Prezydent Andrzej Duda zaangażował się w sprawę dalszych losów zdziczałego stada bydła z okolic Deszczna, którym przez kilka lat nie interesował się jego właściciel.
Większość zwierząt nie jest zarejestrowana, a całe stado od lat nie było badane przez lekarza weterynarii. Na mocy przepisów obowiązujących w Unii Europejskiej, zwierzęta które nie są nigdzie zarejestrowane, powinny zostać poddane utylizacji.
Powyższa decyzja została podjęta przez Powiatowego Lekarza Weterynarii w Gorzowie Wielkopolskim, a następnie została podtrzymana przez Głównego Lekarza Weterynarii.
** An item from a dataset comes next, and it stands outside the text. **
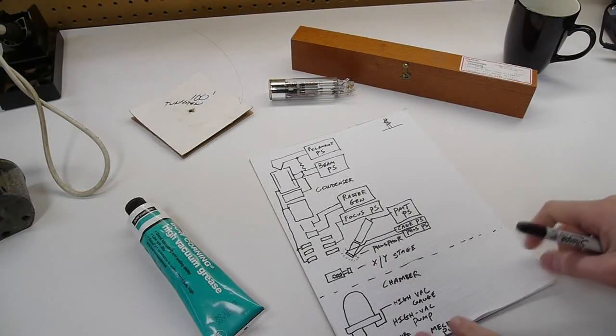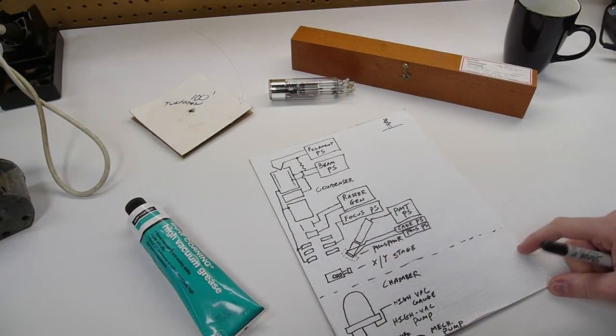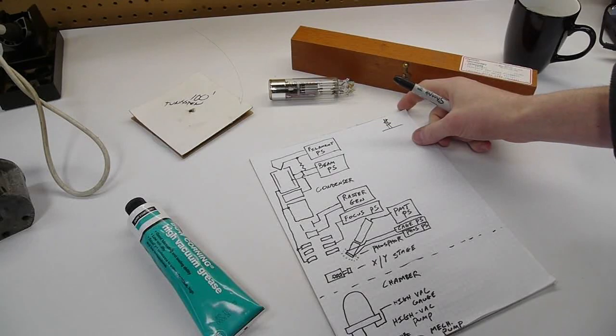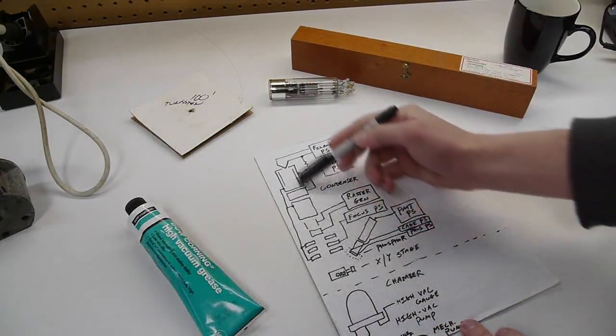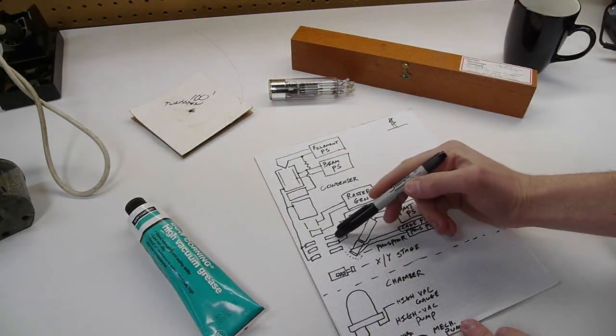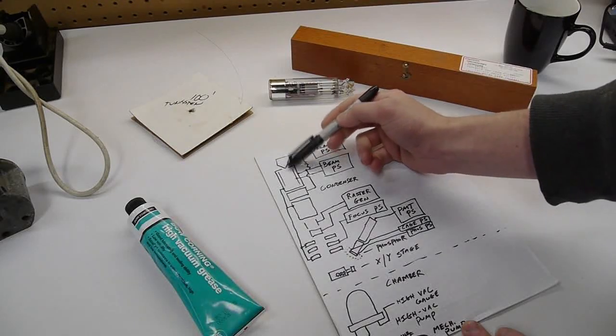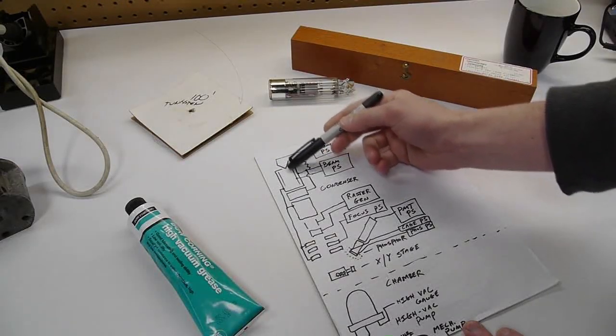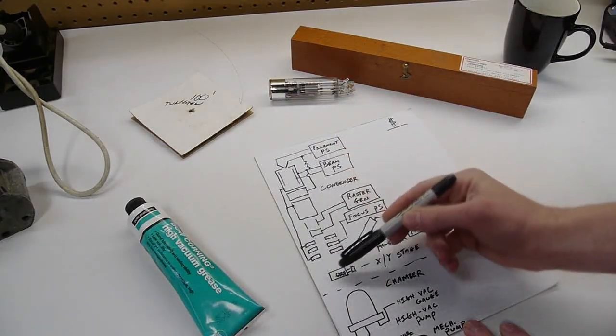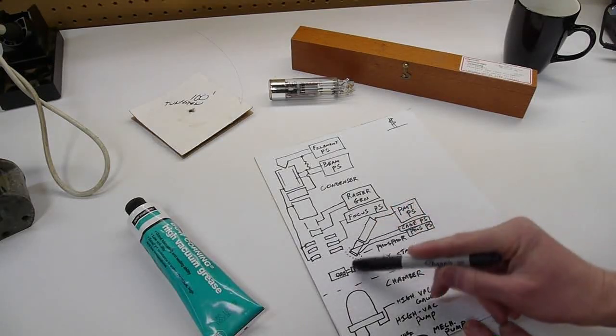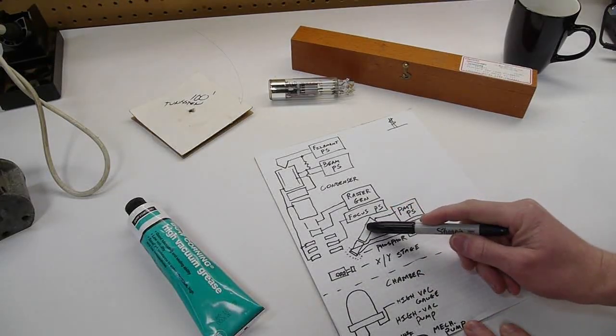So here's a really rough schematic of the microscope. Sorry for my poor drawing ability, but this is basically the electron column. So this is the filament at the top, the electron gun, the electrons proceed down the column, this is where your sample would be, and this is the secondary detector.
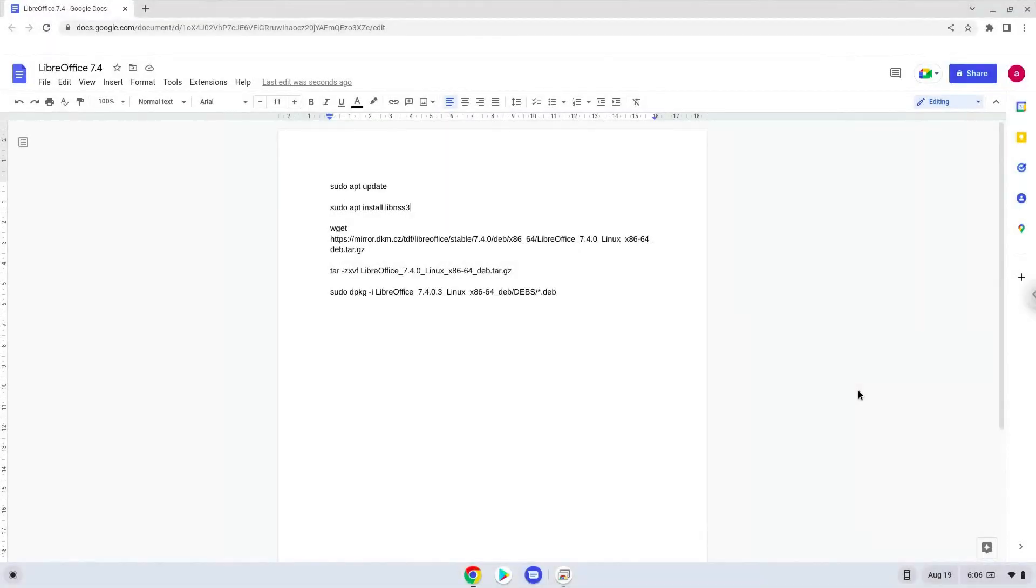Hello. Today we are looking at how to install LibreOffice 7.4 on a Chromebook. Firstly, we will turn on Linux apps.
Do sprawy odniósł się prezydent Andrzej Duda, zamieszczając poniższy wpis na Twitterze:
Minister Krzysztof Ardanowski oraz Główny Lek. Weterynarii Bogdan Konopka zapewnili mnie, że szukają szczęśliwego rozwiązania dla stada z Deszczna. Jestem pewien, że je znajdą, mimo, że przepisy UE nakazują zabić te zwierzęta. Polak potrafi! Trzymamy kciuki za stado z Deszczna
? Andrzej Duda (@AndrzejDuda) 28 maja 2019
Jednocześnie prezydent zadeklarował, że minister rolnictwa i rozwoju wsi, Jan Krzysztof Ardanowski, postara się znaleźć rozwiązanie w tej sprawie.
? Podjąłem decyzję, że stado zostanie odizolowane od innych zwierząt w państwowym gospodarstwie, które nie utrzymuje bydła. Zwierzęta nie będą ubite. Apeluję do organizacji broniących zwierzęta o szukanie środków na utrzymanie stada ? zadeklarował minister.